Milano perde un tempio della cucina milanese e lombarda: l’Altra Isola chiude per sempre
L'Altra Isola ha chiuso. Dopo che il Monsignore aveva raggiunto tra gli angeli i suoi amici di una vita, Gioann Brera e Gino Veronelli in primis, la scelta di Arrigo Perego di proseguirne la storia, ci aveva fatto sperare. Tornare lì, e gustare quella cassoeula che non aveva rivali per bontà, che era l’eredità lasciata a Hu Shunfeng, chef di origini orientali, talentuoso, a cui, in decenni di fornelli condivisi, aveva insegnato tutti i segreti della migliore cucina milanese, era ritrovare Gianni Azaria Borelli. Era risentirlo, al telefono, quando ci chiamava, per sentire come stavamo. Era rivederlo, in prima fila, a tutte le edizioni di Golosaria, dove non era mai mancato, nemmeno in quelle in cui stava già male, orgoglioso di essere lì, a dirci con la sua presenza la sua amicizia e la sua stima. Era ascoltarlo – tra un bicchiere di Barbacarlo, di Maga Lino, e una forchettata di formidabile risotto “giallo” o un boccone di quella nuvola ghiotta che era il suo zabajone – nel racconto, dei mille e uno aneddoti, che facevano della sua vita un romanzo.

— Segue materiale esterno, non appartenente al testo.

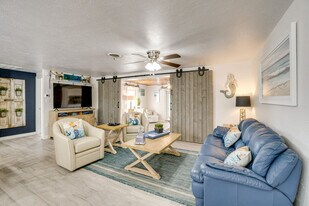 1900 Neptune Dr, Unit SI ID1546047P in Englewood, FL - Building Photo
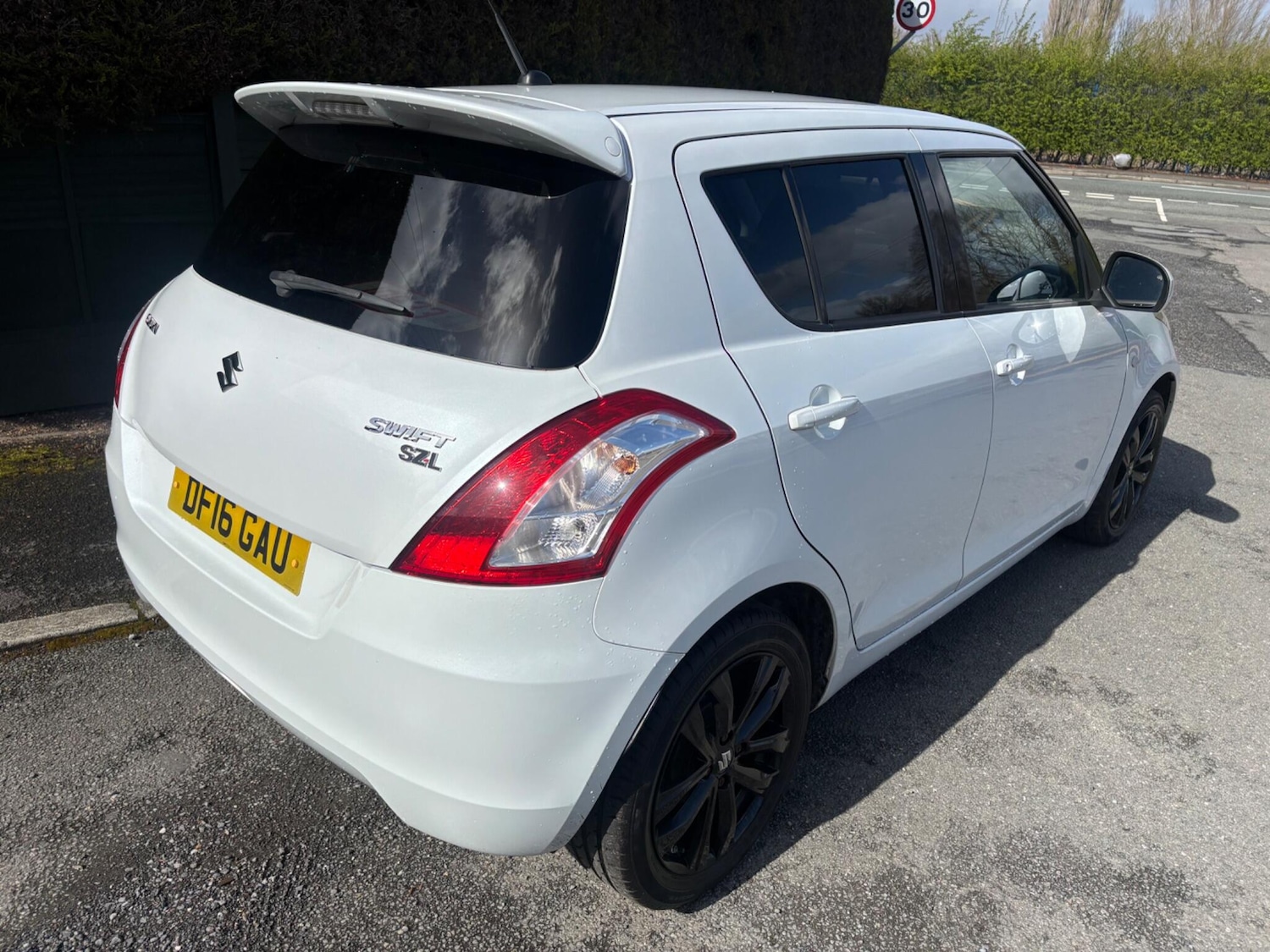 Used Suzuki Swift 2016 for sale - 78034413: Photo 12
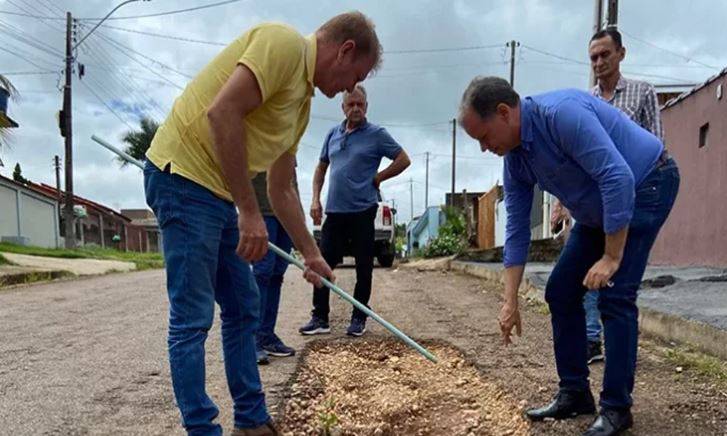 Deputado Luizinho Goebel garante massa asfáltica para recuperação de ruas em Colorado do Oeste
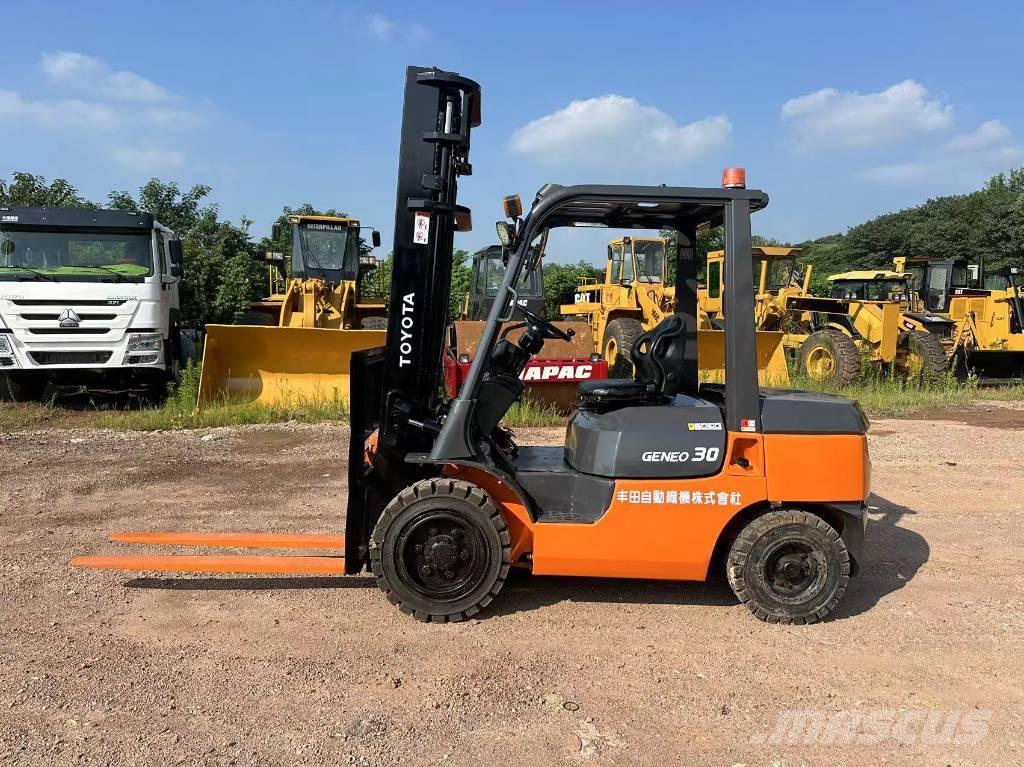 Toyota 30 forklift 디젤 지게차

Per uno strano scherzo del destino, a costringere alla chiusura il nuovo proprietario, ancora una volta, problemi di salute... Diciamo ancora una volta, perché la verità è che l'Altra Isola, non essendo quattro mura e pochi tavoli, ma un luogo dell'anima, vivo, con un cuore pulsante in sintonia con il battito del Monsignore, dove il desiderio di dare felicità di chi ci lavorava ti contagiava, facendoti tornare il sorriso anche nei giorni più difficili, si era "ammalata", una prima volta, con i malanni che avevano iniziato a tormentare Gianni... Quella cassoeula fumante, monumentale, scintillante, profumata e stragolosa, che a vederla sembrava un piattone pantagruelico, ma che si finiva in un fiato tanto era buona, era il simbolo trionfale della cucina dell’amore. L’Altra isola era la piccola, arruffata cattedrale, in cui, nei suoi pochi metri quadri trattorieschi e gioviali, vivevano lo spirito del Monsignore e quella sua filosofia per cui anche un semplice chicco di riso o una verza, possono essere la chiave d’accesso alla Bellezza. Da oggi – e beffa delle beffe, proprio nei giorni in cui Milano celebra Sant’Ambrogio – noi Senzabrera (come aveva definito Gianni Mura, “gli orfani” di Gioann Brera), con i fornelli spenti per sempre all’Altra Isola, siamo Senzamonsignore!